劇場アニメ『不思議の国でアリスと -Dive in Wonderland-』が8月29日に公開される。  ルイス・キャロルが生…

 リアルサウンド映画部では、P.A.WORKSの堀川憲司代表のインタビューに続き、篠原監督と柿原監督、さらに劇場版『名探偵コナン』シリーズや劇場版『チェンソーマン レゼ篇』、『ひゃくえむ。』、『劇場版 モノノ怪』のオフィシャルライター/パンフレット執筆を手がける映画ライターSYOの鼎談をお届けする。

無限の可能性に迷走……“就活生”を主役にした理由

SYO:『不思議の国のアリス』を日本で初めてアニメーション映画化したと聞いて、驚きました。おふたりにはどのような形でオファーが来たのでしょう?

篠原俊哉(以下、篠原):元々、松竹さんからP.A.WORKSの堀川憲司さんのもとに「『不思議の国のアリス』をベースにしたアニメーション映画を作りたい」という企画が持ち込まれていたそうで、堀川さんからご連絡をいただきました。最初のオーダーは「現代の若い女性を主人公にして、社会に出たときにぶつかる試練を乗り越えて最終的には“明日も頑張ろう”と思えるものを作りたい」というものでした。それを受けて、ここ何年かご一緒することが多く、掘り下げた話をしやすい柿原さんに脚本をお願いしました。最初は主人公のりせがワンダーランドを冒険するという骨格でアリスが不在だったのですが、柿原さんのご指摘を受けて今の形になっていきました。

柿原優子(以下、柿原):当初は、りせがアリスの代わりのようなポジションでしたよね。ただ、当時開催されていた『特別展アリス― へんてこりん、へんてこりんな世界 ―』などに足を運んだ際、アリスを好きな子たちはそのファッションやビジュアルへの愛着も強いと感じ、皆が理想とするアリス像を体現したキャラクターが出てこないのは気になっていました。

篠原:『不思議の国のアリス』は他のキャラクターが濃く立っているためそっちに目がいきがちだけど、言われてみると確かにアリスがいないのは寂しいということで、りせとアリスが一緒に冒険する形式が出来上がりました。

SYO:なるほど、大枠もまだ固まっていない段階から柿原さんは参加されていたのですね。

柿原:そうですね。
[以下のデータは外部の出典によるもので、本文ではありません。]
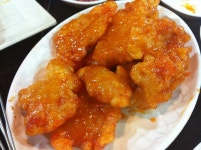 매화반점의 인기메뉴, 새콤담백고소바삭 찹쌀돼지고기튀김류, 1만원, 건대 양꼬치 골목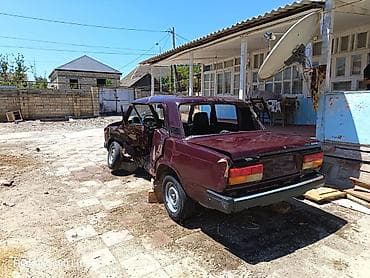 07 satsi: VAZ 2107 sedan – ehtiyat hissələri üçün - Kuzov: tünd bordo rəng, 4 — 5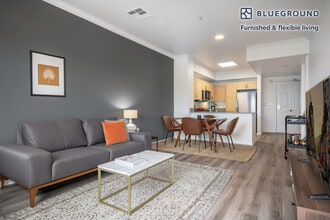 1724 Highland Ave, Unit SI FL7-ID100 in Los Angeles, CA - Building Photo - Building Photo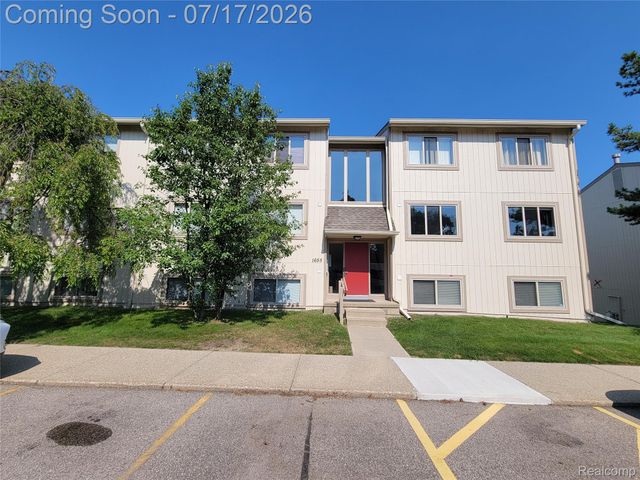 1655 Riverside Drive 10, Oakland Charter Township, MI 48309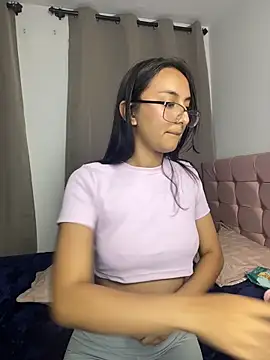 MoonLitDoll live XXX chat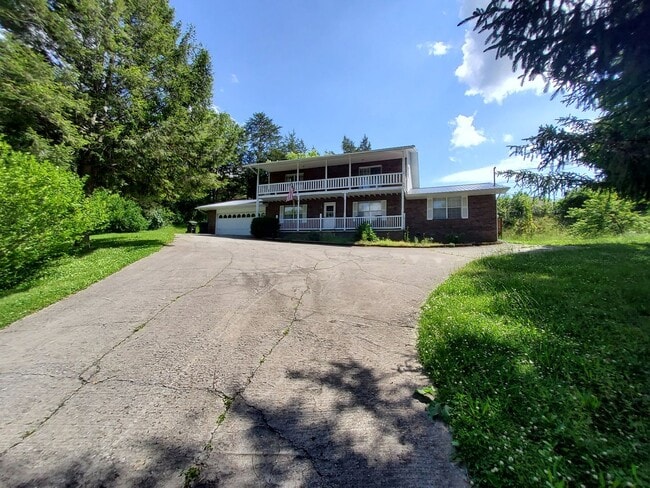 Photo - Sevierville 37862 - Showings begin July 11, 2026 - Fully Furnished! Long term or 3 Month Lease Co...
楽しそうな反面、どう料理するか無限に可能性がある感じで、ワクワクしつつもちょっと困ったなという気持ちもありました(笑)。

篠原:なんなら最初、僕はおばあちゃんの葬式シーンから始めようとしていましたからね(笑)。みんな全力で「やめてください」という顔をしていましたが、それくらい自由度は高かったです。でも自由すぎて、途中路頭に迷ってしまったんです(笑)。

柿原:私も一緒に迷いました(笑)。普通の作り方とは違っていましたね。

篠原:TVシリーズと映画という違いはありますが、これまで柿原さんとご一緒した作品の中で一番脚本パートの改稿を重ねたように思います。

SYO:作品を拝見した際、就活中の主人公がMR(複合現実)アトラクションのテスターとしてワンダーランドに入っていく設定が斬新でしたが、そこに至るまでも紆余曲折あったのでしょうか?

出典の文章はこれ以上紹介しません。